I posted my own response to his speech at The Sharpener, but since that blog closed, I have since re-posted it here. Murray also spent years using his so-called “Centre for Social Cohesion”, supported by Civitas and run out of the same premises as the Tory think-tank Policy Exchange, attempting to infiltrate mosques and Muslim organisations to make it appear as though they were extremist or supporting extremism, and his “exposés” often received a lot of press fanfare, but on closer examination they often turned out to be baseless. Among Murray’s other attempts to stir up baseless hostility to Muslims:

  • An opinion poll (of 600 students!) that ‘revealed’ that a large proportion supported ‘killing in the name of Islam’ (2008)

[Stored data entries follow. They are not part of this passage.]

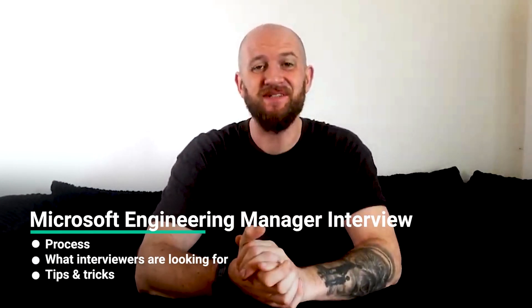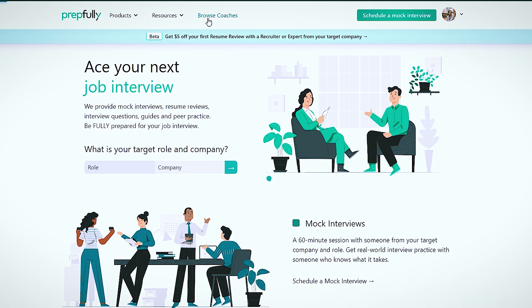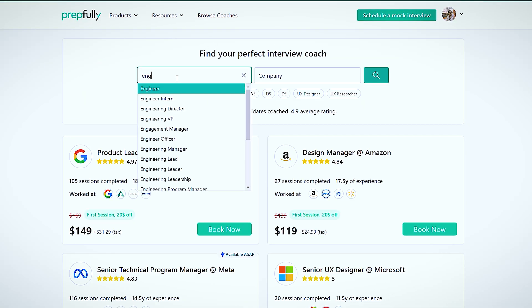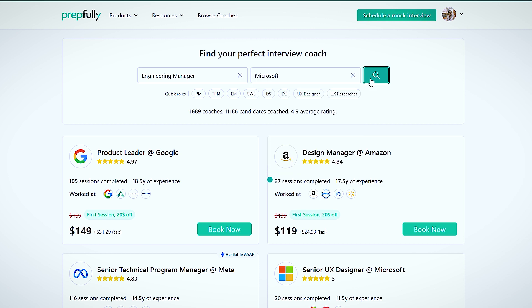Hi everyone, I'm Johan and I'm going to be talking about the Microsoft engineering manager interview process. At the end of this video you should have a good understanding of the process itself, what interviewers look at, and a bunch of tips for each round. Quick intro: I'm from Prepfully. This video has been put together by Microsoft engineering managers who are also interview coaches on Prepfully — they've coached hundreds of candidates through the process and can be booked directly on the website if you need more personalized guidance.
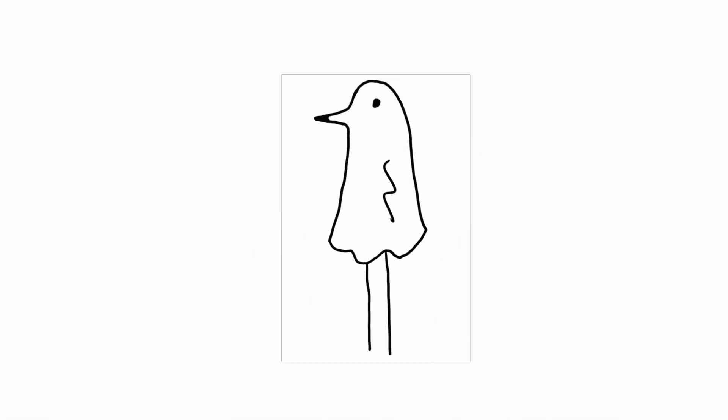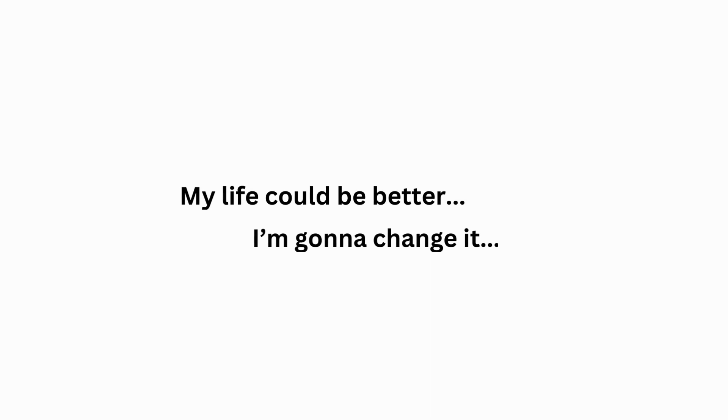Suddenly you start valuing your life and you start motivating yourself. You think to yourself, my life could be better, I'm going to change it.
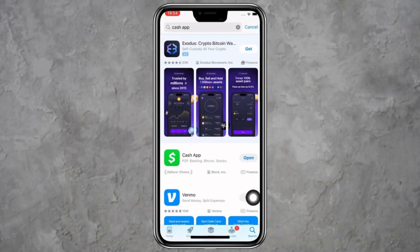Hello, everyone. In today's video, I will show you how to fix Cash App not verifying your identity. If you're having trouble verifying your identity on Cash App, there are a few things you can try to solve the issue.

  • An incident where he pretended to have been ‘ambushed’ into debating with al-Muhajiroun, when in fact the group involved could have easily been identified as such in advance
  • A claim that a Muslim woman quoted in a newspaper was an ‘Islamist’, when no evidence for it existed
  • An attack on a proposal for a so-called “mega-mosque” a few streets away from the former World Trade Centre site (in fact, it was 13 storeys — not at all ‘mega’ for that part of New York — and not run by extremists at all)

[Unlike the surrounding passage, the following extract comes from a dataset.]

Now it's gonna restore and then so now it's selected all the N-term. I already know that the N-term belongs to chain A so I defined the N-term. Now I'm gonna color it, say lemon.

You can search for material I’ve written about Murray, or just use this link. I think it demonstrates that he is in fact an enemy of the Muslim community who has been using his platform in the media to foment popular and political hostility against us for years. Murray claimed in his blog on Standpoint’s website that it is possible that his presentations, in which he showed a slide-show of “culprits” including Murray, “constituted some kind of effort to smoke out radicals by using people like [Murray] as bait”. However, if you went home and Googled Murray’s name (that was before most people could have done that with a smartphone in the room), you would find a wealth of material that demonstrated that what Lambert claimed about him was largely true. The worst Murray can find about the results of Lambert’s presentations is that “a contact” had heard a Muslim in the audience say that it was “the time for actions, not words”, so if Lambert’s aim was to “smoke out radicals”, he would have been more effective if he had called himself Rasheed and grown a beard.

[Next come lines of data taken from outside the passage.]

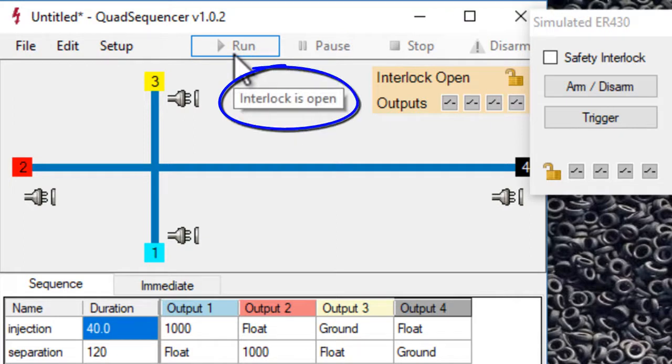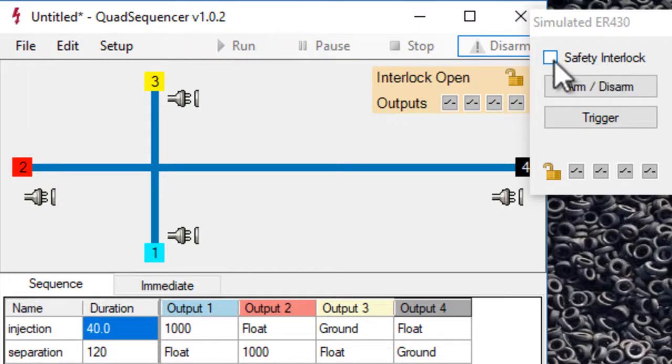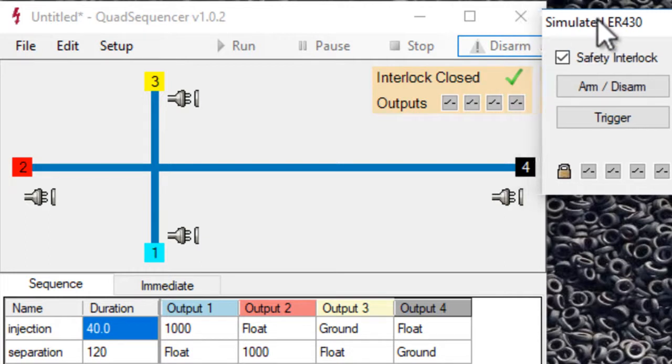The interlock is a safety feature to protect users from getting a shock. We can close the safety interlock by clicking here. It's going to say interlock is closed.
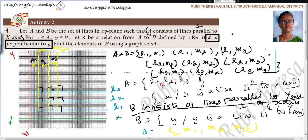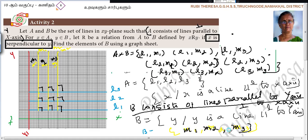Just for illustration, I took L1, L2, L3 and M1, M2, M3. The key point is that a relation is a subset of the Cartesian product A cross B.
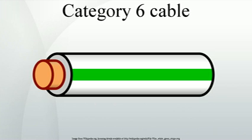Category 6 Cable can be identified by the printing on the side of the cable sheath. CAT6 patch cables are normally terminated in 8P8C modular connectors.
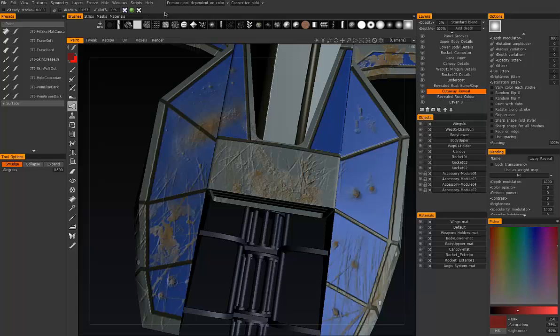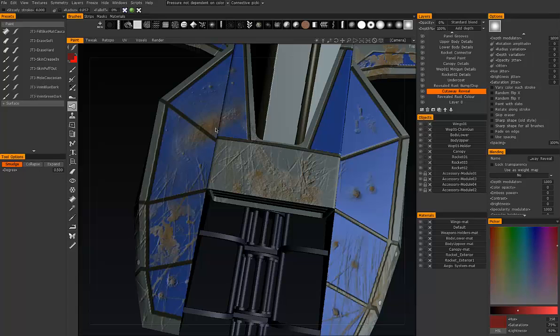So let's go through each of these functions. I already mentioned degree controls the amount that it does the said operation by. So let's do smudge first at 0.5.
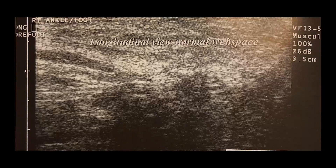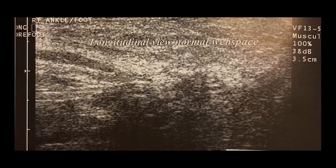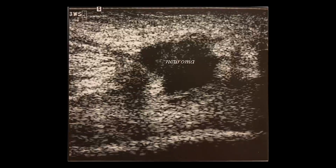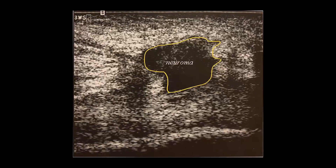Here we have an image of a normal longitudinal appearance of the inner space. Normally the intermetatarsal web space should contain only hyperechoic fat, as we've mentioned before and as depicted here. Dorsal compression can be helpful to assess the margins of the neuroma. It is when the normally hyperechoic fat is replaced with an incompressible hypoechoic mass that we can diagnose a neuroma. Taking a look at this image of the third web space, we can see a well-defined hypoechoic mass replacing the normally hyperechoic intradigital fat, consistent with a neuroma.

Much as I agree that Lambert’s behaviour with London Greenpeace and the mother of his child was despicable, and it meets at least some definitions of rape (not least my Oxford dictionary’s, which includes using “fraudulent means” to obtain sex), I do not actually believe his role with the Muslim Contact Unit was insincere. That Nick Cohen makes this claim demonstrates that he simply has a hatred for the Muslim Brotherhood that goes beyond any rationality. It also, by the way, demonstrates his tactic of writing a long article about an uncontroversial matter or civil liberties or science, for example, then using a spurious parallel to get in a plug for one of his pet causes. For example, in this piece from 1st November, he starts off by praising medics who treated Ebola patients and then defied ‘irrational’ quarantine rules, and then sidetracks it onto attacking people who are against putting flouride in drinking water, which actually is a threat to some people’s health even if not everybody’s, and is unnecessary given that fluoride toothpaste is readily available. His arrogance shows in his liberal use of logical fallacies: the false appeals to authority, the use of snide remarks as a substitute for argument, putting ideas with some merit that he disagrees with alongside plainly baseless ideas (e.g. that global warming is a myth). This is a tired, lazy writer who has long since passed his sell-by date.